**** The data ****
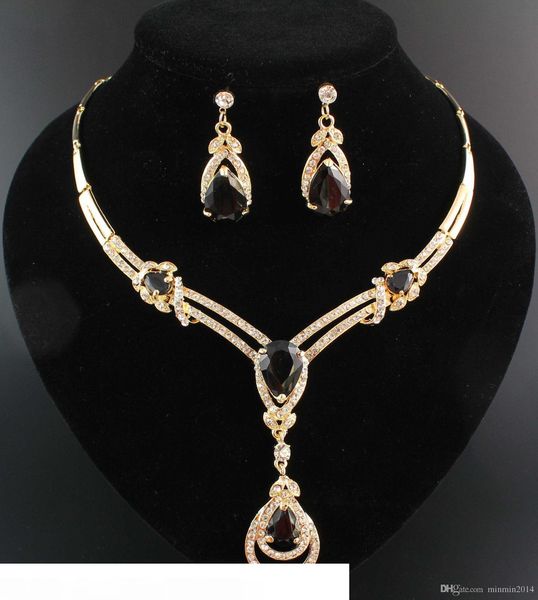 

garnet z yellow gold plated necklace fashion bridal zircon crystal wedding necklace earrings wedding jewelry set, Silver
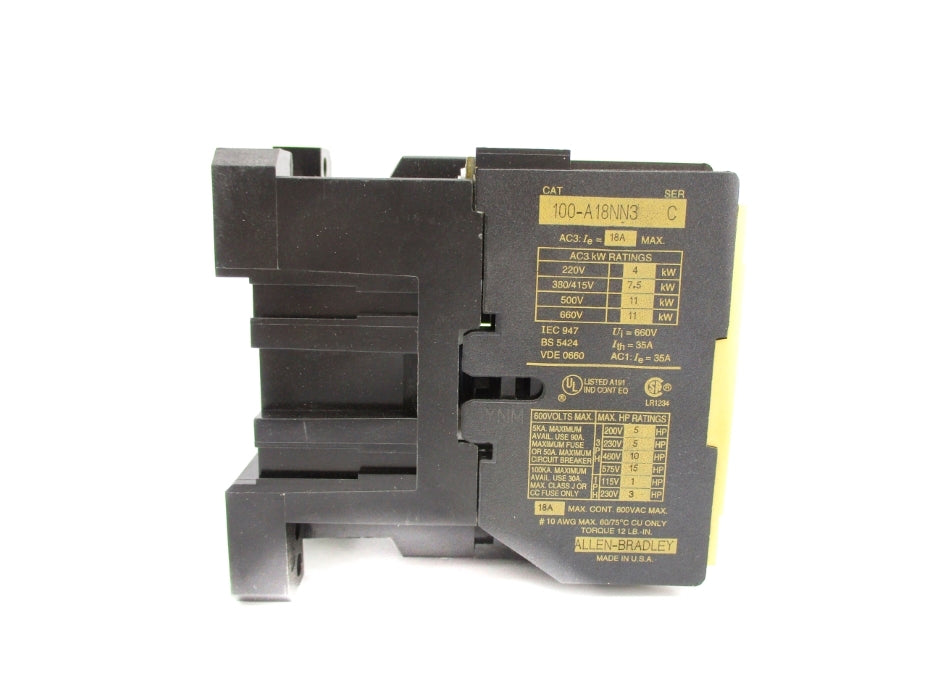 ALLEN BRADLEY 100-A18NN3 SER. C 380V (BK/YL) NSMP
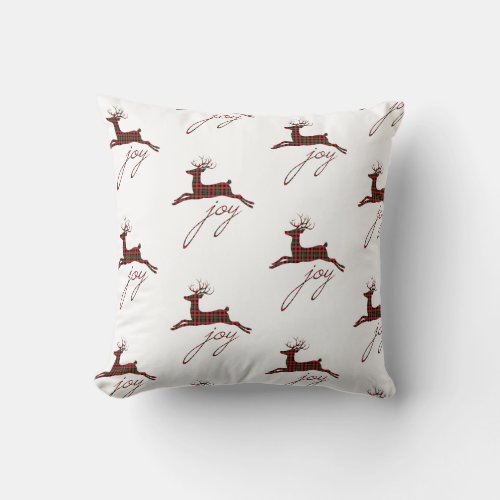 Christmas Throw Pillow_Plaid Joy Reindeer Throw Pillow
****
**** The data ****
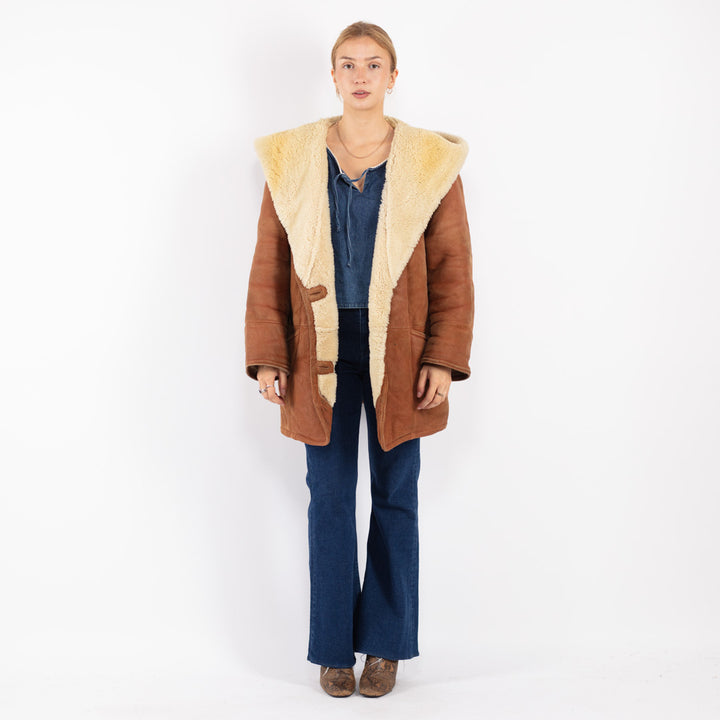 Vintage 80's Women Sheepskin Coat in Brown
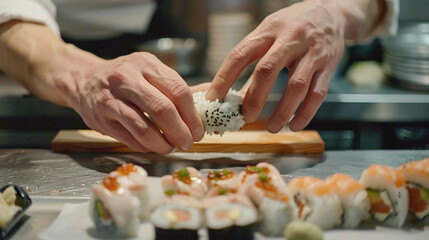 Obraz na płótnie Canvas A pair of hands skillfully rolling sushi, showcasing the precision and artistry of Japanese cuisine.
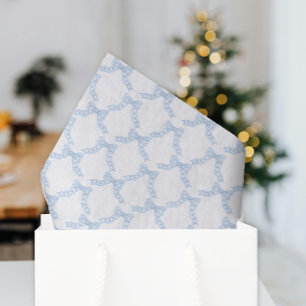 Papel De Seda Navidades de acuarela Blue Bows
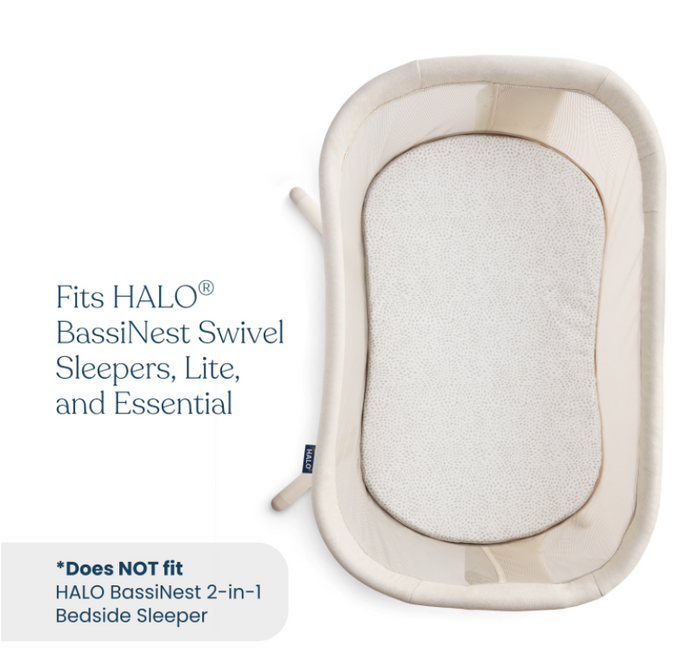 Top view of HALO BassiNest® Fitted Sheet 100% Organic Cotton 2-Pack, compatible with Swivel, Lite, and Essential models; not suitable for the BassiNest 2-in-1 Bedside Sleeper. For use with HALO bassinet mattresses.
****
- _Exercise brief_: Using the entries above, transcribe exactly from the line that has "garnet z yellow" through the line that has "Christmas Throw Pillow_Plaid". Pictures are dropped.

- _Task response_:
garnet z yellow gold plated necklace fashion bridal zircon crystal wedding necklace earrings wedding jewelry set, Silver
 ALLEN BRADLEY 100-A18NN3 SER. C 380V (BK/YL) NSMP
 Christmas Throw Pillow_Plaid Joy Reindeer Throw Pillow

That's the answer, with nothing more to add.